Palestinians flee from the city of Khan Younis in southern Gaza after an Israeli ground and air offensive on January 29, 2024

A UNITED NATIONS envoy to Gaza today called out the “double standards” of governments that have suspended funds to the world body’s agency for Palestinian refugees.

About a dozen mostly global North countries have suspended funding to the UN’s Relief and Works Agency (UNRWA), even though an investigation has yet to be completed into an allegation that 12 former staff members (of about 30,000) took part in the October 7 attacks on Israel.

UN special rapporteur Francesca Albanese said that while the governments have suspended aid “the same governments have not suspended ties with the state whose army has killed 26,000 people in Gaza in 3.5 months, though the [International Court of Justice] said it may plausibly constitute genocide.”

She said: “Double standards? Yes, big time.”

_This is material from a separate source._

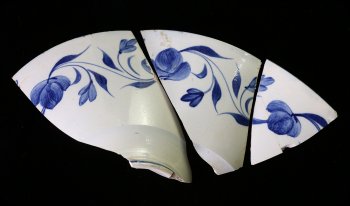 Image of Hand Painted Dish Fragments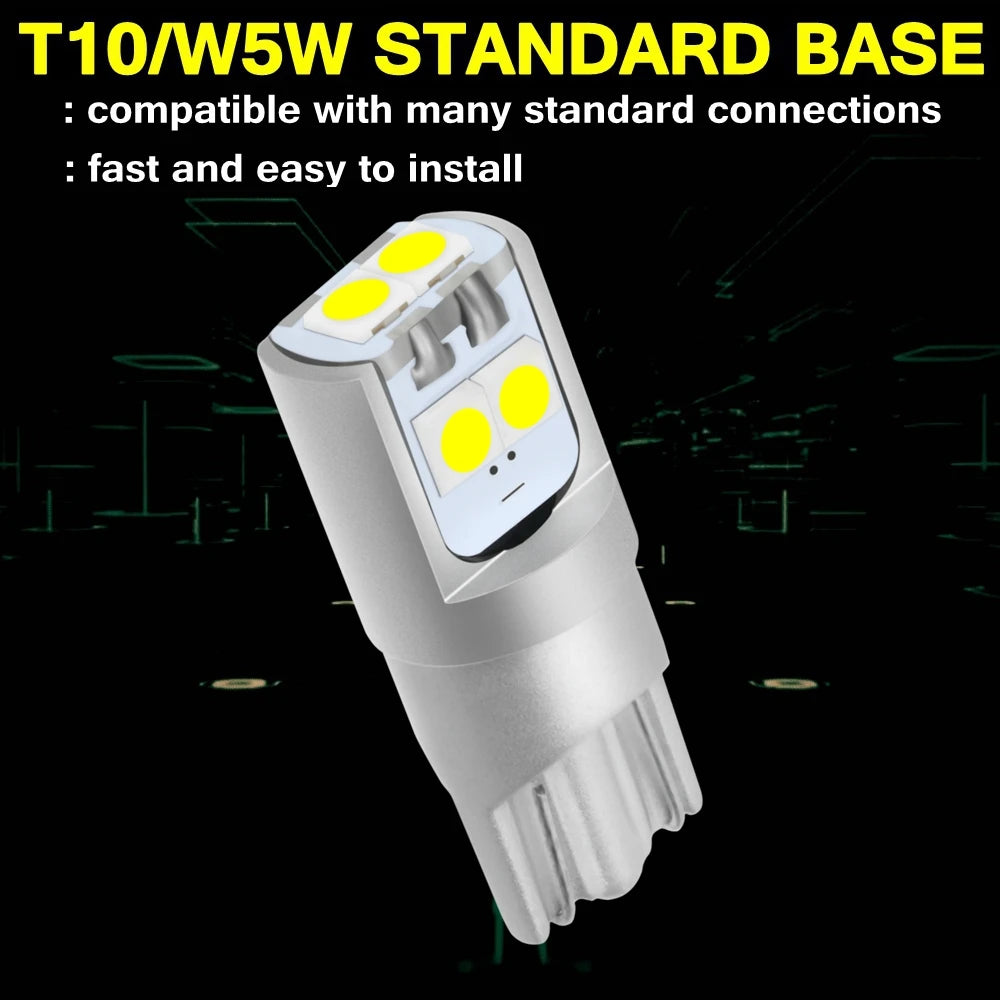 2PCS T10 W5W Super Bright High Quality LED Parking Lights Car Dome Reading Lamps WY5W Auto Turn Side Bulbs Warm White Red Yellow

During a UN briefing in Geneva on Tuesday, UN humanitarian spokesman Jens Laerke said UNRWA is “irreplaceable in the humanitarian operation.”

Jan Egeland, secretary-general of the Norwegian Refugee Council, said it was “telling” that UN bodies and non-governmental organisations agree that defunding UNRWA “means a collapse of humanitarian work among Palestinian women and children in their hour of greatest need — when they’re under this relentless, indiscriminate bombardment and when there is so little capacity for humanitarian relief.”

https://morningstaronline.co.uk/article/un-envoy-gaza-calls-out-double-standards-governments-over-unrwa-funding

dizz: We need to get rid of the complicit in genocide politicians …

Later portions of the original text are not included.